A white long-haul truck on an open highway.
A recent Supreme Court decision now allows transportation workers to sue their employers in class-action lawsuits. This verdict could have implications for truckers, but could also affect Uber drivers and others in the gig economy.

Millions of transportation workers who engage in interstate commerce now have the right to take their employers to court and to participate in class-action lawsuits, thanks to a unanimous Supreme Court decision in January. The result could have implications for Uber drivers and other gig-economy workers, too.  

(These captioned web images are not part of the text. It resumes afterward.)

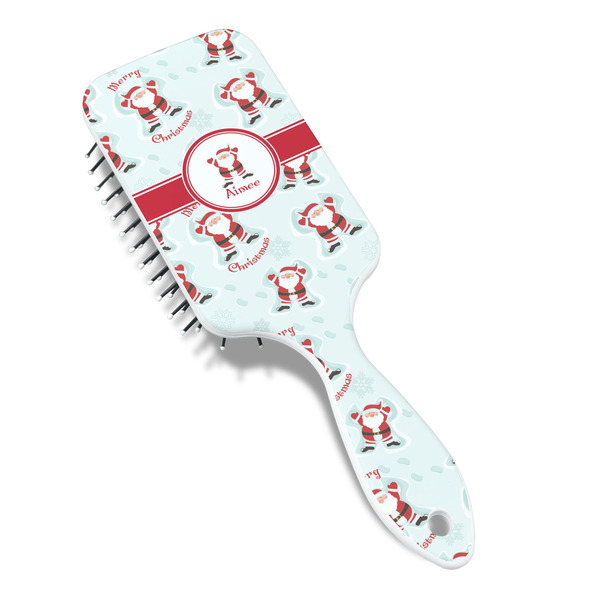 Santa Clause Making Snow Angels Hair Brush - Angle View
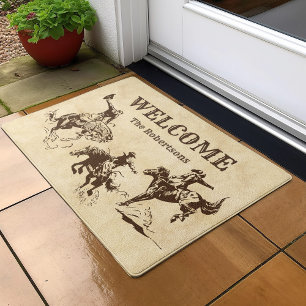 Felpudo Bienvenida occidental de Cowboy Rodeo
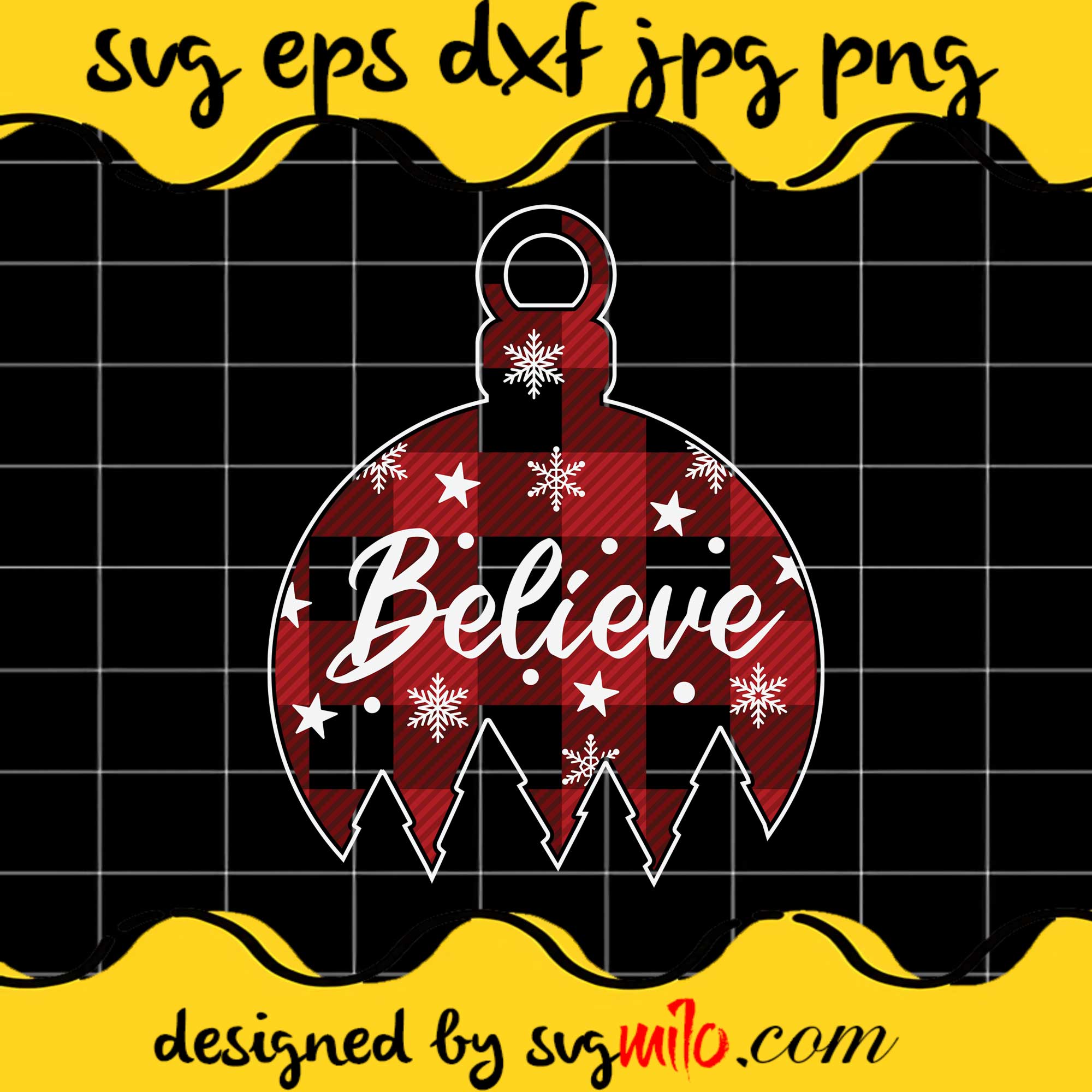 Believe Christmas Tree Ball Red Cricut cut file, Silhouette cutting file,Premium Quality SVG - SVGMILO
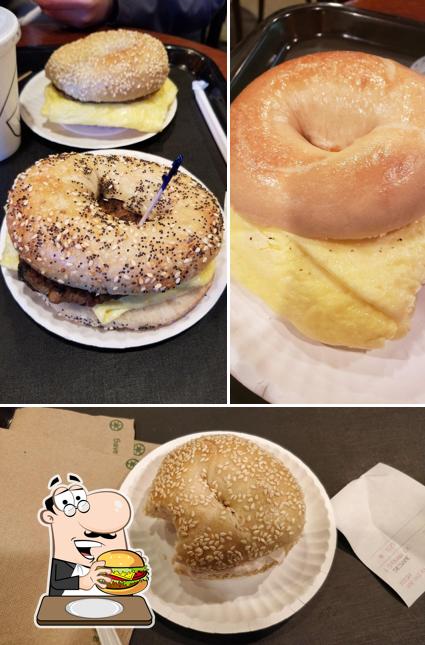 Try out a burger at Bodo's Bagels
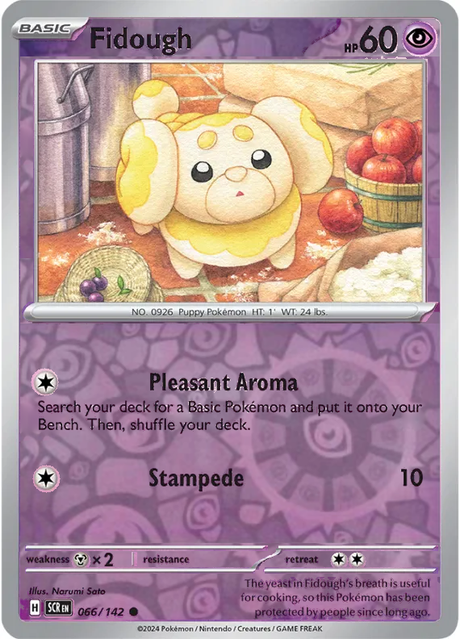 Fidough 066/142, Stellar Crown, Reverse Holo, representative matte composite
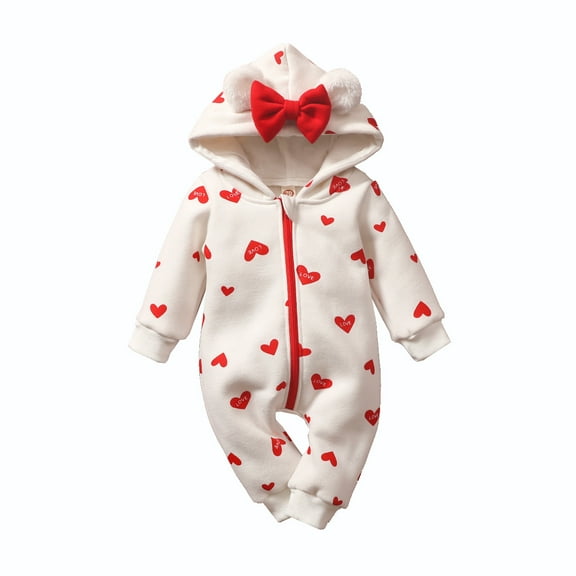 Emy Dola Newborn Baby Girls Fleece Hooded Romper Outfits Infant Love Heart Pattern Fall Winter Jumpsuit Baby First Valentine's Gift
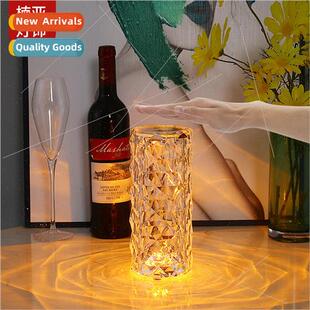 Roses Crystal Table Lamp Bedroom Bedside Sleep Ambiance Lamp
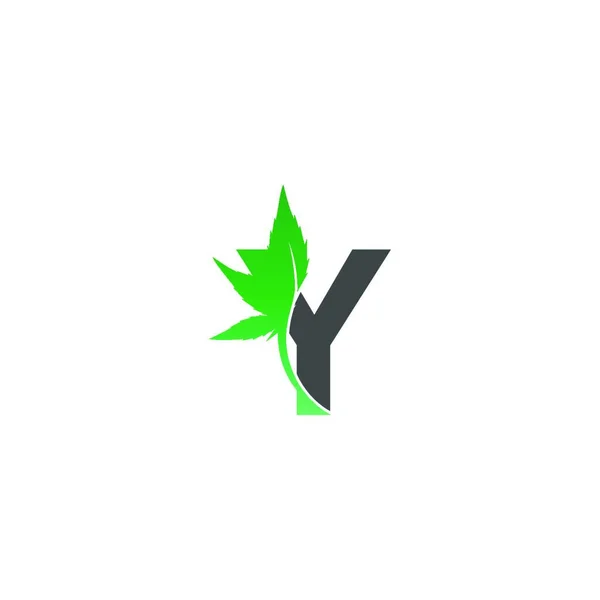 Icône Logo Lettre Avec Illustration Vectorielle Conception Feuille Cannabis — Image vectorielle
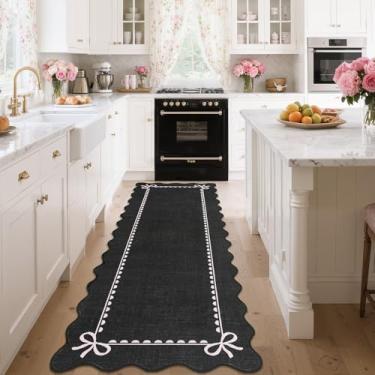 Imagem de GarveeHome Tapete de laço recortado para sala de estar, tapete preto sólido para dormitório, tapete de corredor lavável, 6 x 20 cm, macio, antiderrapante, para decoração de quarto de bebê, corredor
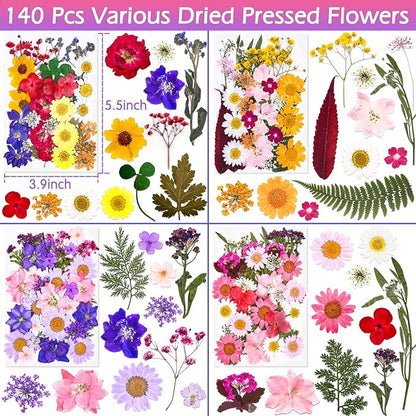 140 Pcs Dried Pressed Flowers for Resin, Real Pressed Flowers Dry Leaves Bulk Natural Herbs Kit for Scrapbooking DIY Art Crafts, Epoxy Resin Jewelry Molds, Candle, Soap Making, Nails Décor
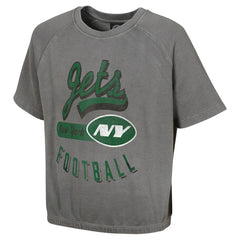 New York Jets Women's Mineral Wash Short Sleeve Top - Gray sale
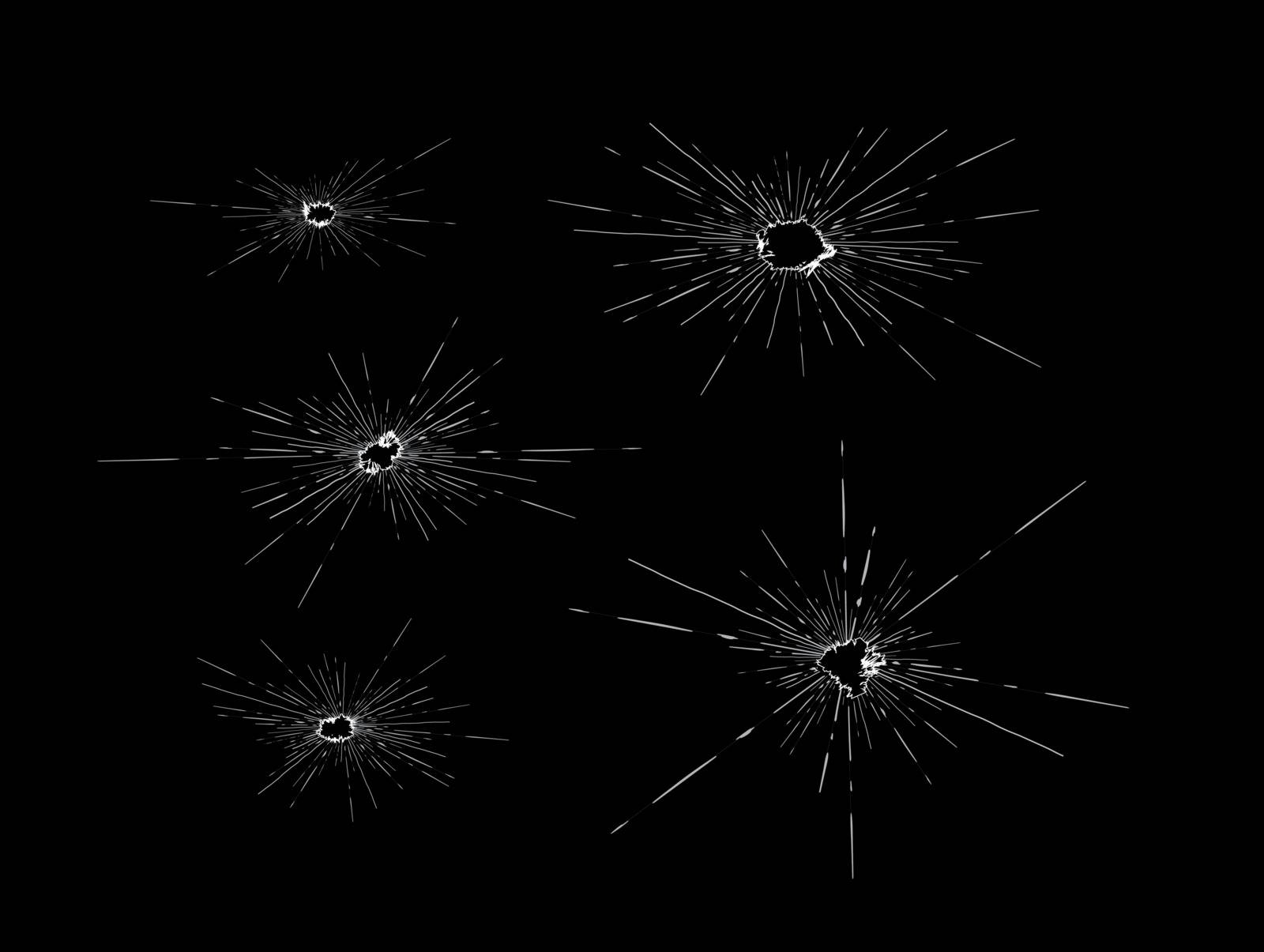 Traces of bullets shattered the glass. Vector illustration on black background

The case, New Prime v. Oliveira, pitted long-haul driver Dominic Oliveira against trucking company New Prime. After completing 40,000 training miles, Oliveira became a driver, but was classified as an independent contractor rather than a full-time employee. That distinction is important because in the trucking industry the title of “contractor” typically obligates drivers to do things like lease their own trucks and pay for their own gas. 

“Because they’re responsible for all these costs, when you deduct them, these drivers may not make any money in a week—which is fine if they are actually independent,” says Penn researcher Steve Viscelli, who has studied the trucking industry for a decade and wrote a brief for the Supreme Court case. “But if they’re misclassified, if they really should be an employee, they’re entitled to minimum wage.” 

Oliveira felt New Prime had intentionally misclassified him in order to pay him less, so he filed a class-action lawsuit. However, because he had signed a contract containing a forced-arbitration clause, he had no right to bring New Prime to court. Instead, the parties would have to go before an arbitrator. 

“Arbitrators basically act like judges but often with more informal procedures,” says Penn Law professor Tobias Barrington Wolff. “In theory, arbitration can be easier and cheaper than a court battle; in practice, arbitration clauses often result in people getting no recovery at all.” That’s because these clauses often include language prohibiting a class-action lawsuit like the one Oliveira wanted to bring, and class actions frequently provide the only practical mechanism for individuals to receive compensation.

The Federal Arbitration Act (FAA) “requires that arbitration clauses be enforced most of the time, even if state law would declare them unenforceable, Wolff explains. “In practical terms, this has meant that most arbitration clauses get enforced. But the FAA has an exception for ‘contracts of employment’ for certain transportation workers.” 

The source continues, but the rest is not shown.